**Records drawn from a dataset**
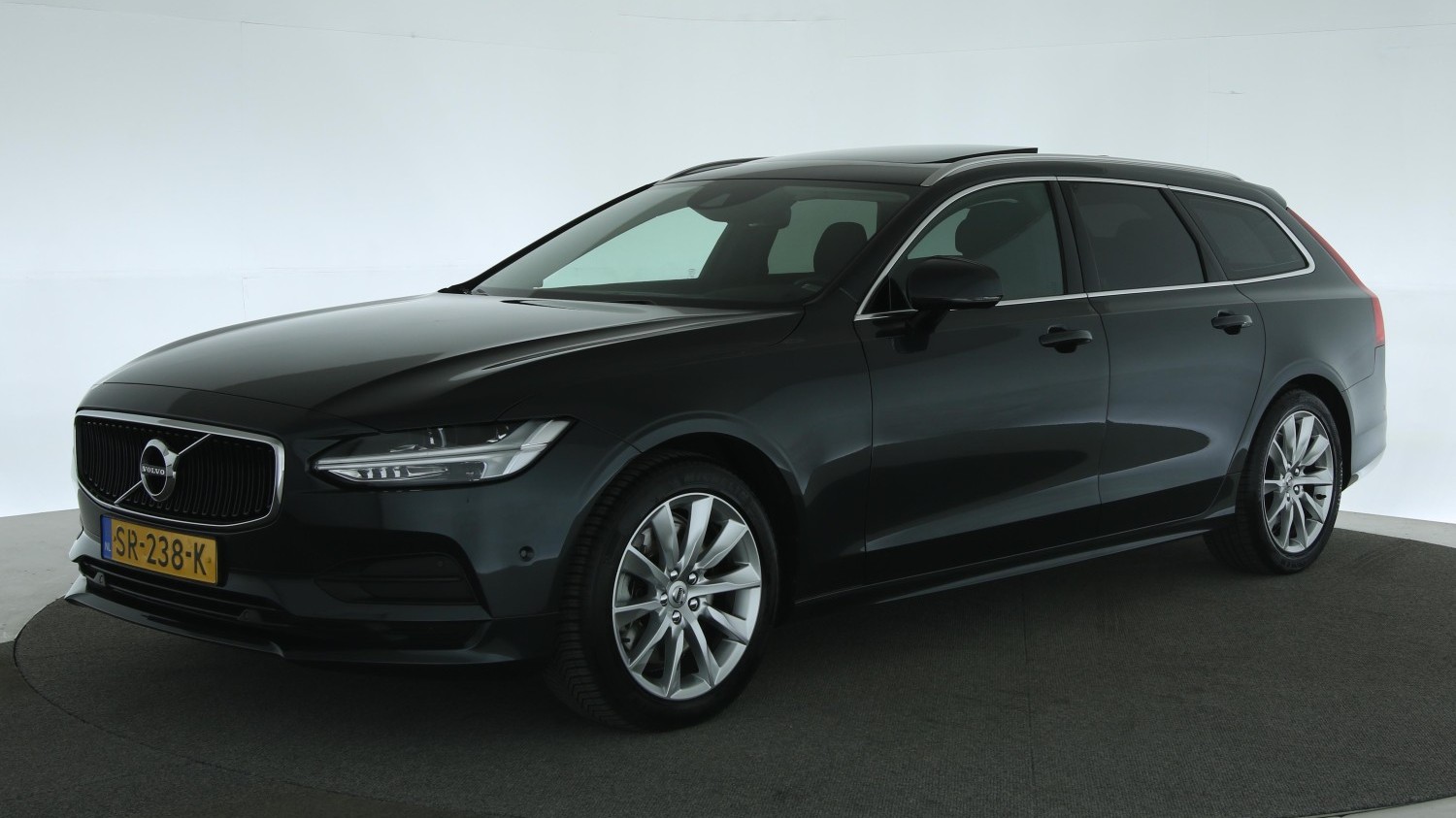 Volvo V90 Station 2018 SR-238-K 1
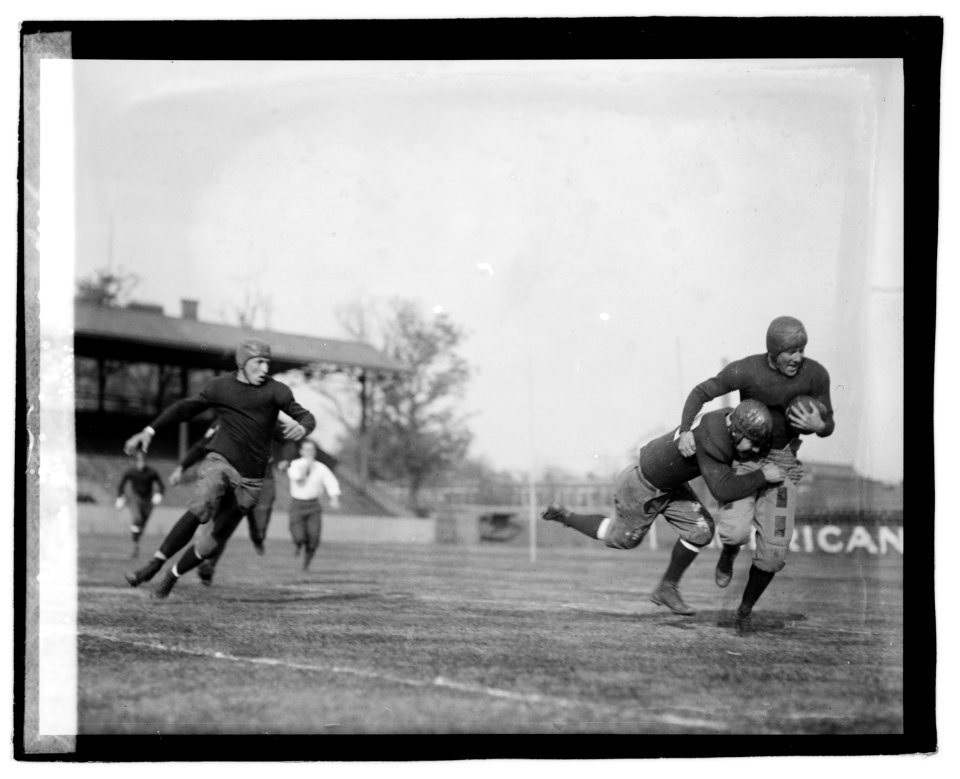 Georgetown, Wash. and Lee game, 1920 LCCN2016829170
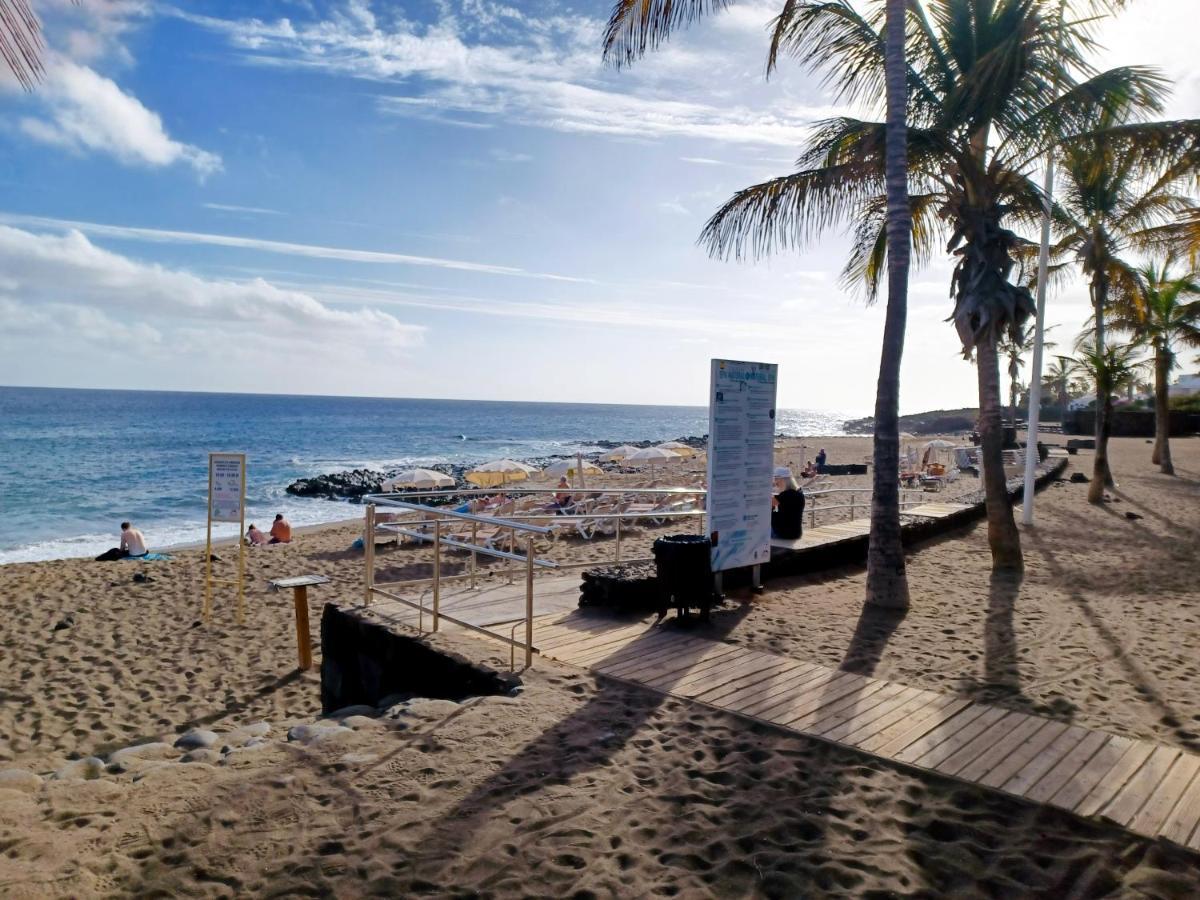 Bungalow Playa Bastian - Piscina Climatizada - Wifi - Playa 1 Min. Apartment Costa Teguise Exterior photo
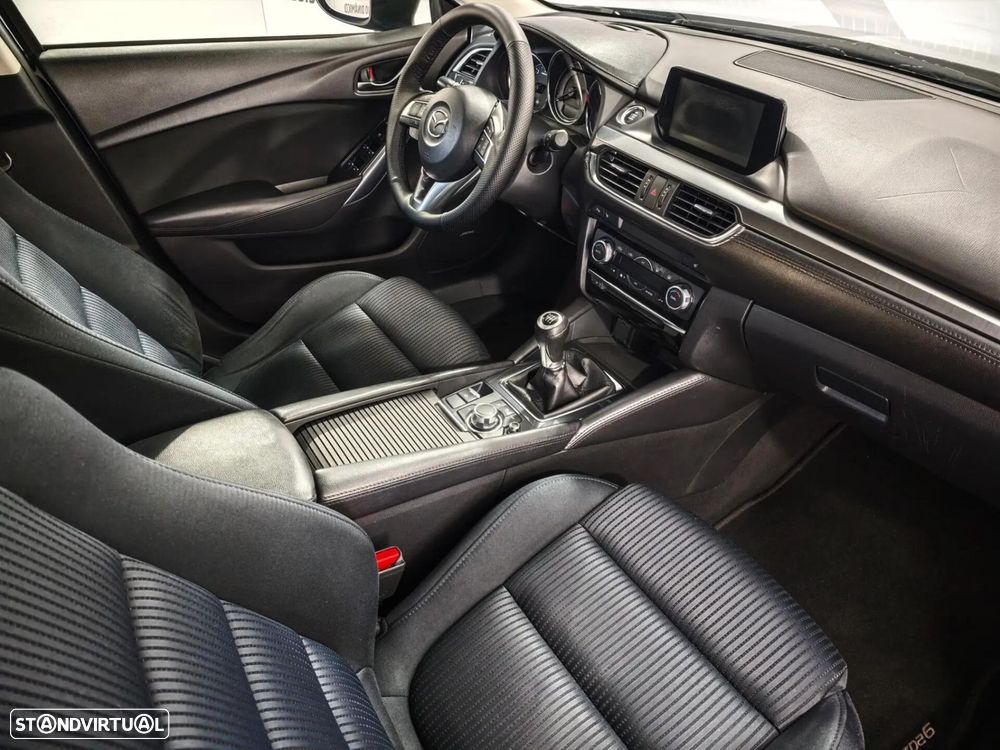 Mazda 6 M6 2.2 SKY-D Excellence Navi - 25
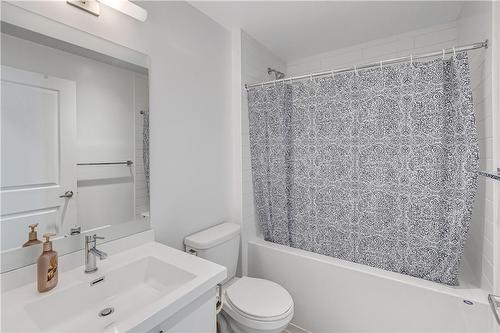 55 Speers Road|Unit #1106, Oakville, ON - Indoor Photo Showing Bathroom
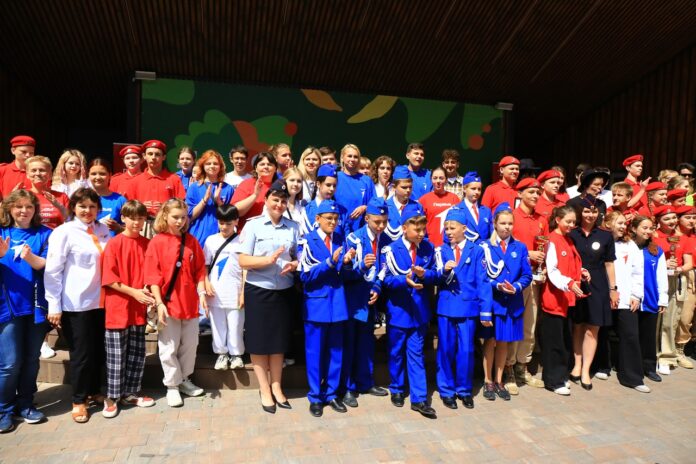 Подольские автоинспекторы, ЮИДовцы и волонтеры молодежных объединений провели в городском парке Подольска творческий фестиваль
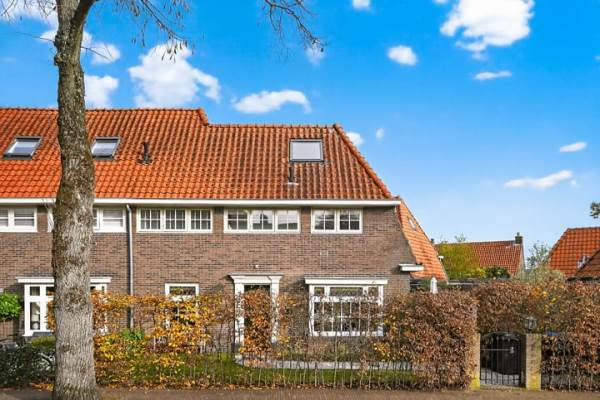 Woning Lindenlaan 137 Huizen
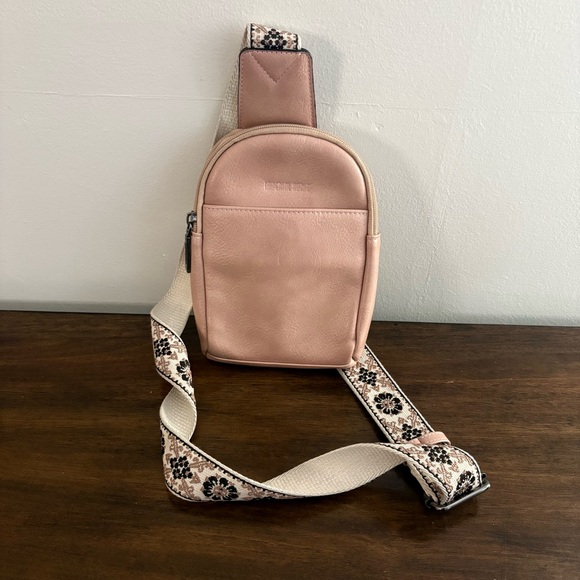 imperial horse Handbags - NWOT Imperial Horse Elegant Blush Pink Crossbody Bag Floral Strap boho travel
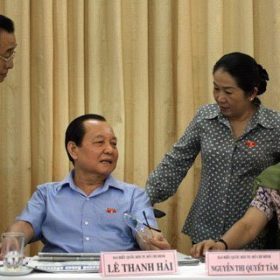 Giảng viên làm luật sư: Lo ‘chân trong, chân ngoài’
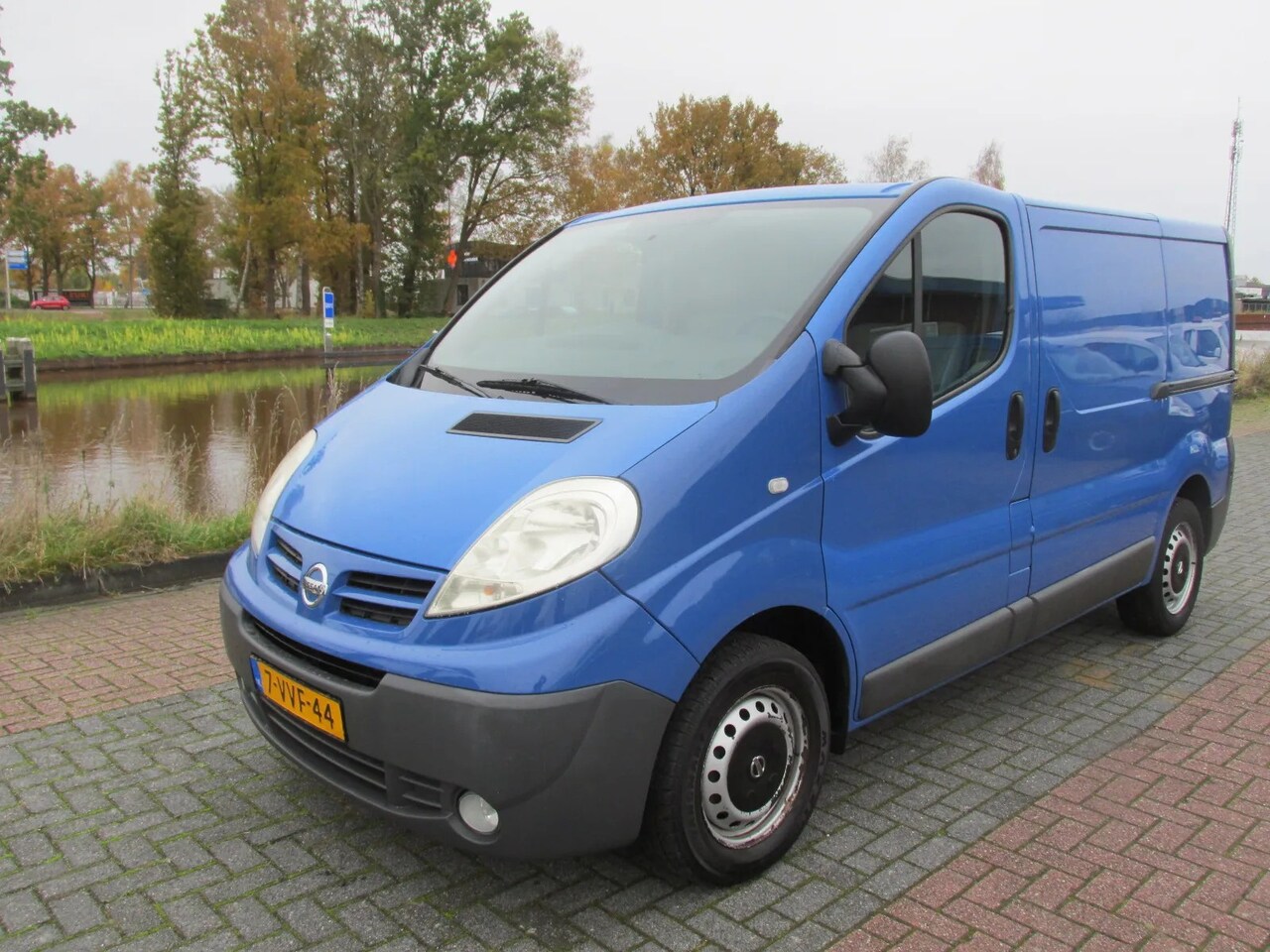 Nissan Primastar - Trafic Vivaro 2.0 dCi schuifdeur L+R - AutoWereld.nl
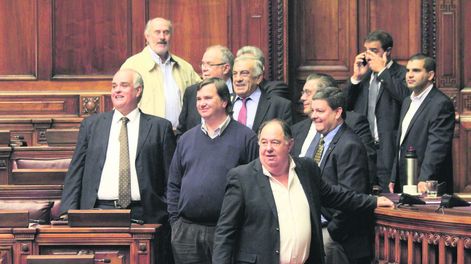 imagen de El 74% de los actuales legisladores buscará ser reelecto en las elecciones, lo que para el politólogo Chasquetti es positivo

**Work item**
The response is to contain exactly the lines from the beginning of the data through the line containing "Woning Lindenlaan 137 Huizen", both ends included, and nothing else; omit the pictures.

**Written solution**
 Volvo V90 Station 2018 SR-238-K 1
 Georgetown, Wash. and Lee game, 1920 LCCN2016829170
 Bungalow Playa Bastian - Piscina Climatizada - Wifi - Playa 1 Min. Apartment Costa Teguise Exterior photo
 Mazda 6 M6 2.2 SKY-D Excellence Navi - 25
 55 Speers Road|Unit #1106, Oakville, ON - Indoor Photo Showing Bathroom
 Подольские автоинспекторы, ЮИДовцы и волонтеры молодежных объединений провели в городском парке Подольска творческий фестиваль
 Woning Lindenlaan 137 Huizen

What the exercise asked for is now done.